Liturgia del 18º DOMINGO ORDINARIO 2026 (A)
"Una Misa para ILUMINAR y MOVER, sin dar órdenes a Dios"
Comentario Inicial:
Esta Liturgia de la Misa va dirigida a TODOS (de arriba o de abajo) que quieran ORAR con la coherencia de una Religión ACTIVA, poco conocida por la mayoría y nada enseñada.
El Padre lo tiene TODO hecho y bien hecho. Todo concedido y perdonado. Todo está preestablecido en las “leyes de la Naturaleza”. Es eterno y habita fuera del tiempo y del espacio. Lo que hizo una vez es no admite rectificación.
Es absurdo pedirle que meta la mano en nuestro mundo y nos resuelva lo que ya ha delegado en nuestra gobernanza. No existe un "dios por fascículos", al que inútilmente se pretende hacer cambiar. Ni una “marioneta sagrada” que podamos manipular a nuestro antojo.
Somos los gestores de nuestro mundo y de todo lo que en él suceda. Todo depende de nosotros, que contamos con el regalo de la "imagen y semejanza". Dios no puede contravenir nuestra LIBERTAD y meter la mano en nuestras decisiones. Contamos con el “reino de Dios” que yace o vive en nuestro interior para iluminar y fortalecer nuestras decisiones.
El reconocerlo y vivirlo en COMUNIDAD nos ayuda, contagia, responsabiliza e impulsa. Todo lo demás es "placebo ingenuo". De arriba no bajará nada. Solo de nuestra conciencia y nuestras manos pueden salir soluciones.
La Religión PASIVA cree fanáticamente que todo depende de Dios, que hace y deshace a su antojo todo lo que nos ocurre. Por eso se insiste en forzar su voluntad con peticiones para que se adapte a nosotros. Torpe, ingenua y desesperante actividad impuesta por “guías ciegos” que conducen masas sometidas y frustradas.
La promocionada INTERCESIÓN es pura IDOLATRÍA. El Abba te constituye y te habita. Es un torrente que te envuelve y protege. Nada ni nadie puede interponerse, ni darte más.

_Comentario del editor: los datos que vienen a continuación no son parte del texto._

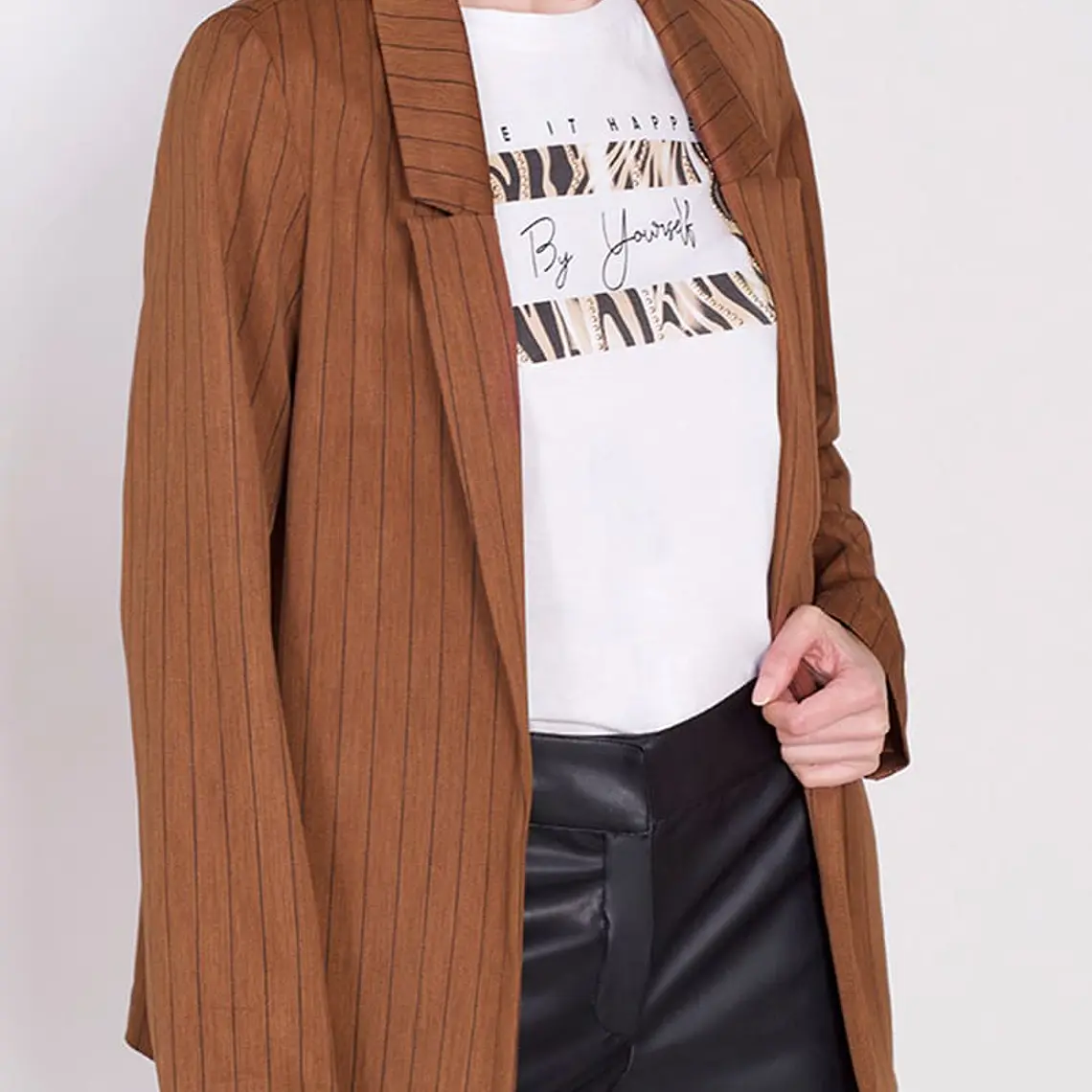 CHAQUETA TAPADO ESTAMPADO RAYAS  CAFÉ 2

“No te harás imagen, ni ninguna semejanza de lo que esté arriba en el cielo, ni abajo en la tierra, ni en las aguas bajo la tierra. No te postrarás ante ellas ni les darás culto…” (Ex 20,4 – Dt 5,8).
“Al Señor tu Dios adorarás, y a Él solo darás culto” (Mt 4,10 – Lc 4,8).
Y empezamos:
El amor permanente y entrañable de Dios Padre, que nos habita y sostiene, la presencia luminosa de Jesús Resucitado, su Luz y el impulso de su Espíritu ESTÁN con todos vosotros.
Y con tu Espíritu
MONICIÓN DE ENTRADA
Los medios de comunicación nos recuerdan, casi a diario, el hambre física de alimento en muchas partes del mundo. Hay también mucha hambre espiritual, hambre y sed de valores, de algo a lo que agarrarse y que hay que esperar.
Jesús dio a la gente el alimento de la compasión, de su palabra luminosa, y especialmente el alimento de su ejemplo.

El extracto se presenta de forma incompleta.